While sequels and reboots are exciting in theory, most recycle the same tropes that we have seen many times before.

“A plot that makes you think is worth watching,” says sophomore Desirae Flores. “It’s not worthwhile to see remakes over and over again when you can watch something that changes your perspective.”

It’s easy to get lost in the sea of blockbuster movies, but there were also many hidden gems to pick from in 2016.

Moonlight, a coming of age tale of a young black man in a dangerous Miami neighborhood, has gotten glowing reviews from Slant Magazine, Variety and IndieWIRE, and is being talked about for the Oscars.

“I’m dying to see Moonlight,” says sophomore Sydney Cramer. “It sounds like it’s gonna blow my mind.”
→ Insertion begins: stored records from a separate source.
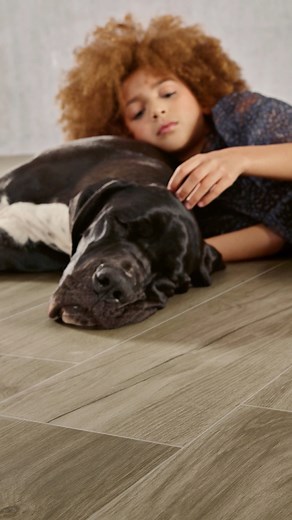 The safest place in the whole world: your home 🏡 Native brings yyou back to natural and warm places. 🎥 Follow our inspiration at www.lovetiles.com 🎯 Native collection #flooring #floortiles #woodeffect #wooddesign #natural #warmtones #porcelaintiles #loveceramictiles | Love Tiles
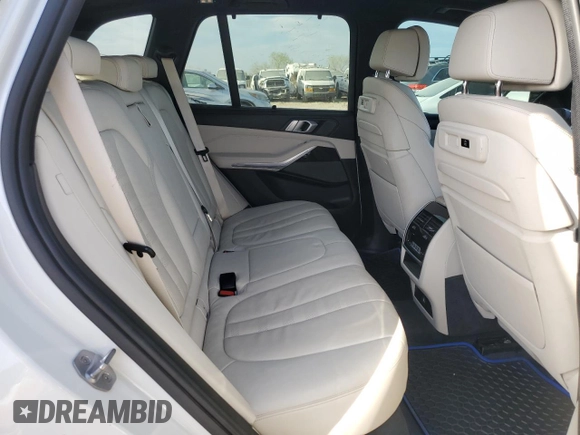 2019 BMW X5 xDrive40i with VIN 5UXCR6C51KLL09358, listed as a Copart auction lot 48351585 with 98,380 mi miles and Salvage Title. Bid and sale history available at carsss.com. Image 11.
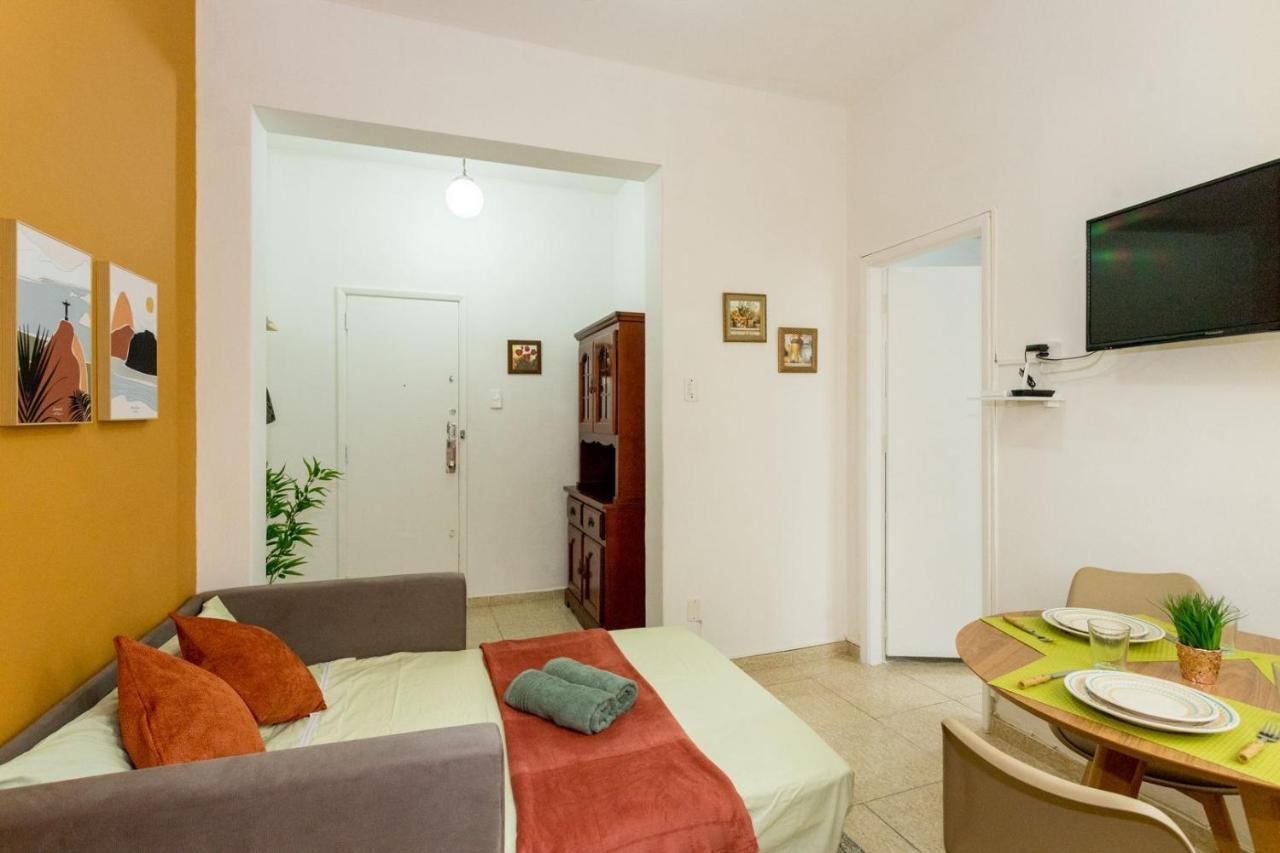 Copacabana Comfort: Beachside Retreat with Modern Amenities Rio de Janeiro Exterior photo
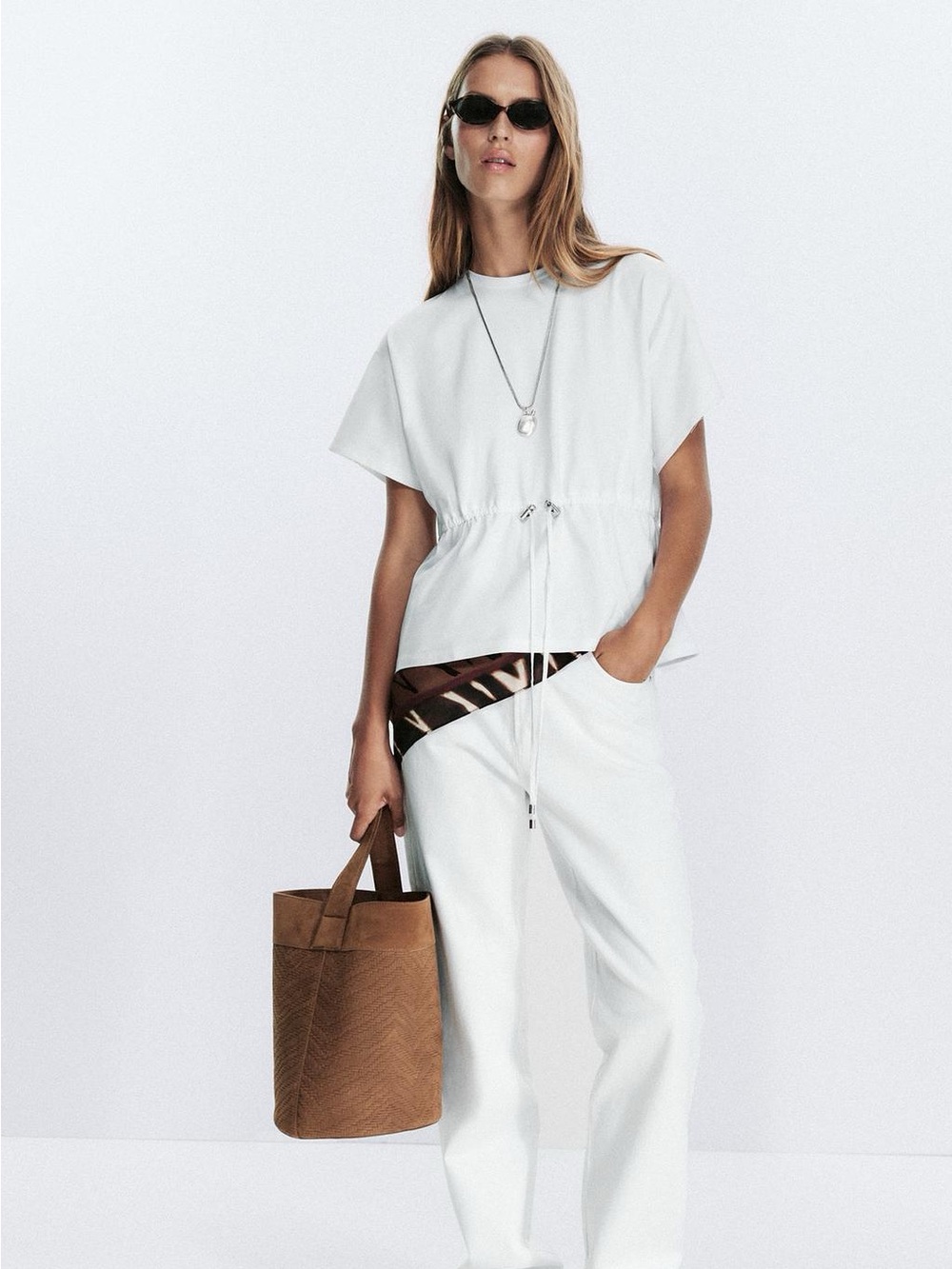 Zara Women's Drawstring Waist Short Sleeve Top - White tshirt - Picture 2 of 11
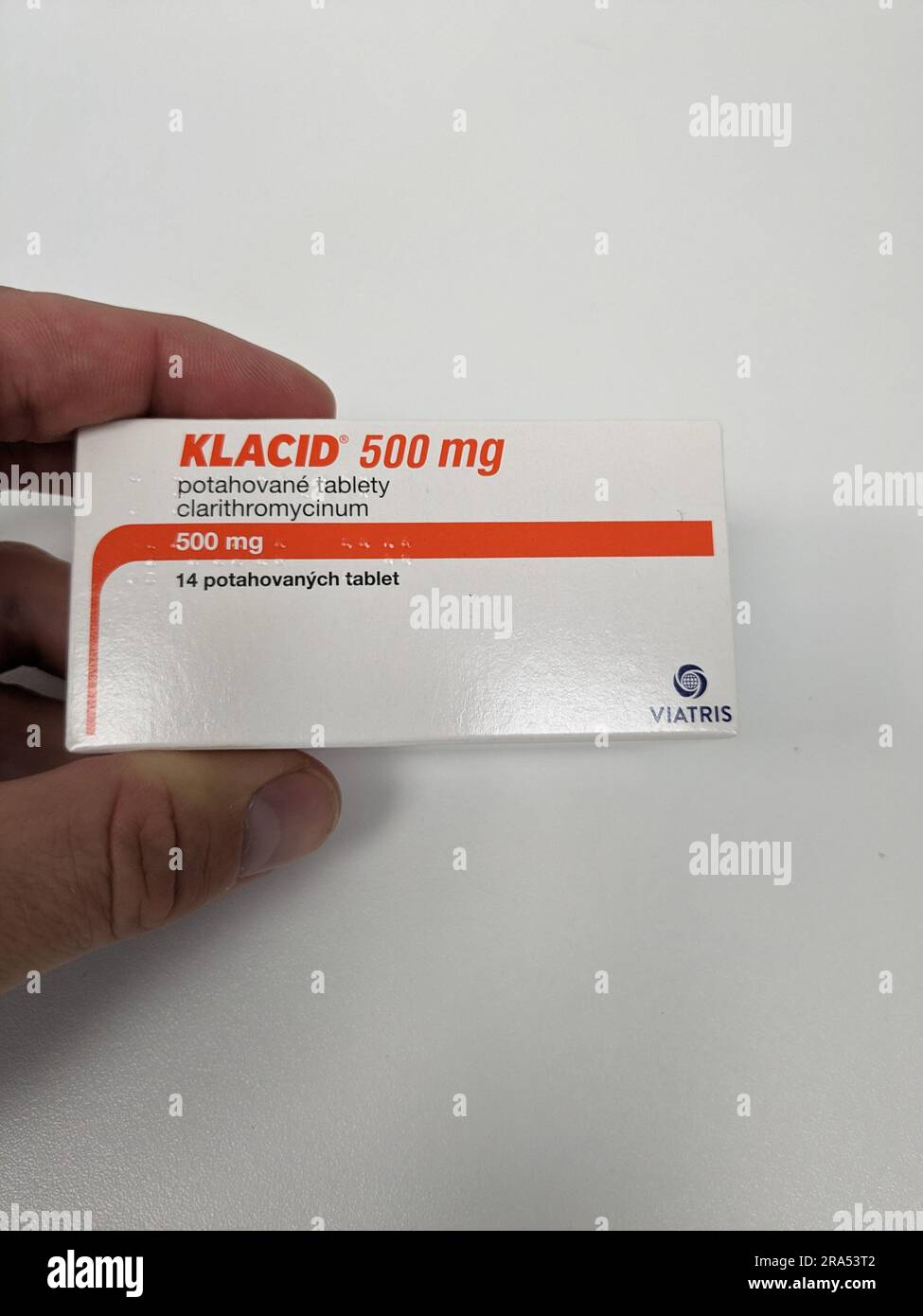 Apotheke- Klacid Antibiotika Medizin in Form von Pillen in einer Box steht auf einem Tisch mit weichem Hintergrund. Clarithromycin, Tschechische republik Stockfoto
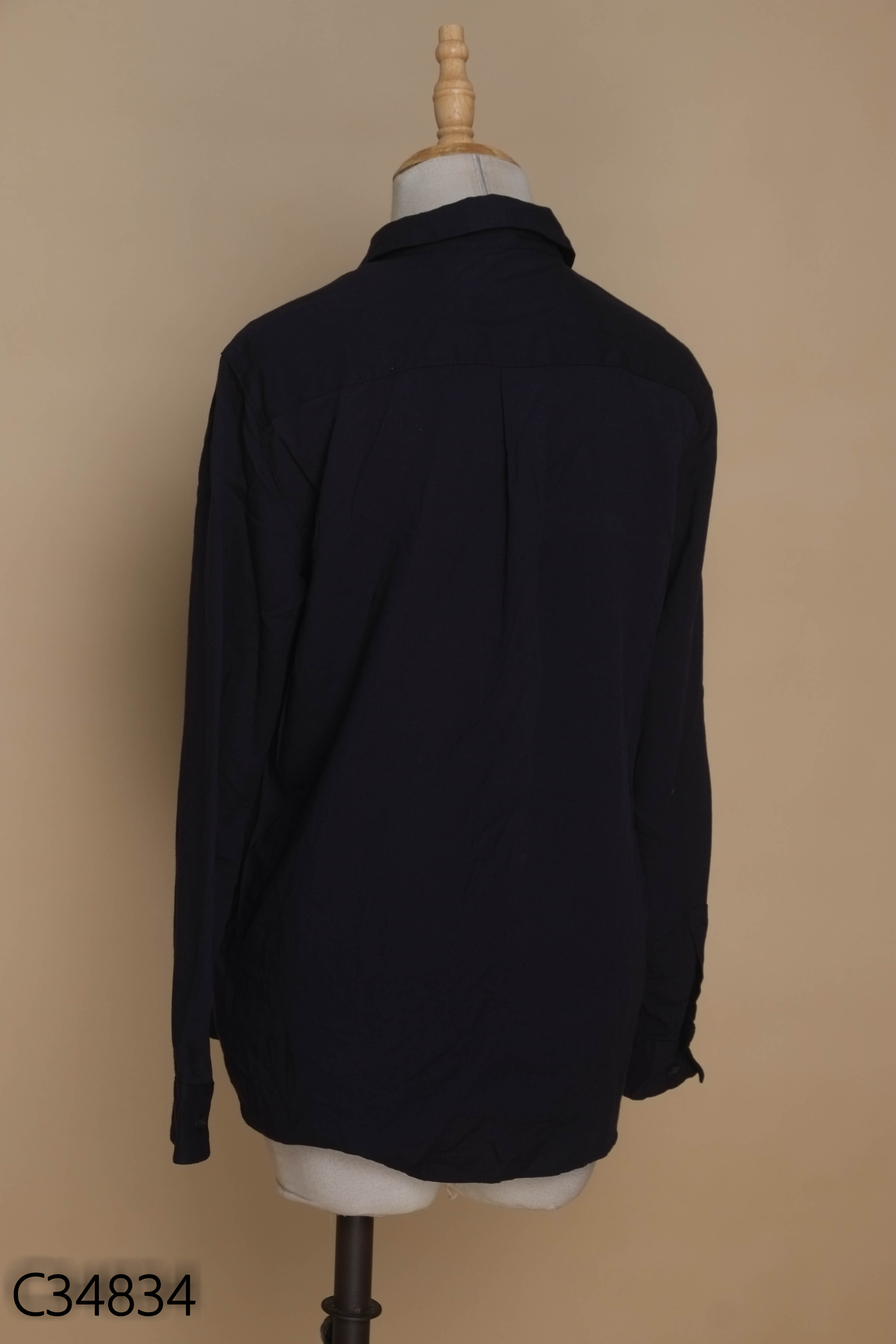 Áo sơ mi xanh than UNIQLO trơn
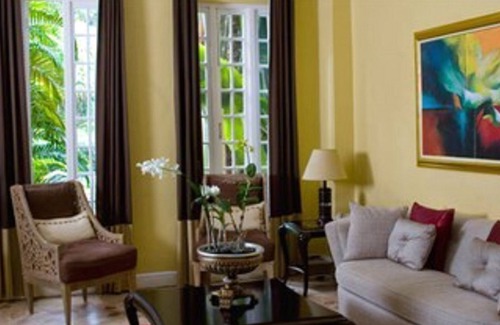 Runaway Bay Resort | The Cardiff Hotel & Spa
With movies like Ghostbusters and Moonlight both gaining recognition for different reasons, the factors that make a movie worth watching are called into question.

“There’s always a satisfying feeling when a movie takes you somewhere emotionally, and brings you to a sense of awakening,” says Broadcast Media teacher Amy Moore. “Any movie can make money, but a great movie stands the test of time.”

Any movie worth remembering is a movie worth watching, but the key to a noteworthy movie is unknown and hard to achieve.

“If a film resonates with a lot of people, than it will transcend time and be remembered,” says senior Laura Romano.

There were many standout films this year, but there may not be a prevailing winner this time around.

“No movie is perfect,” says Moore. “But I don’t think there was an all encompassing best movie of the year for 2016.”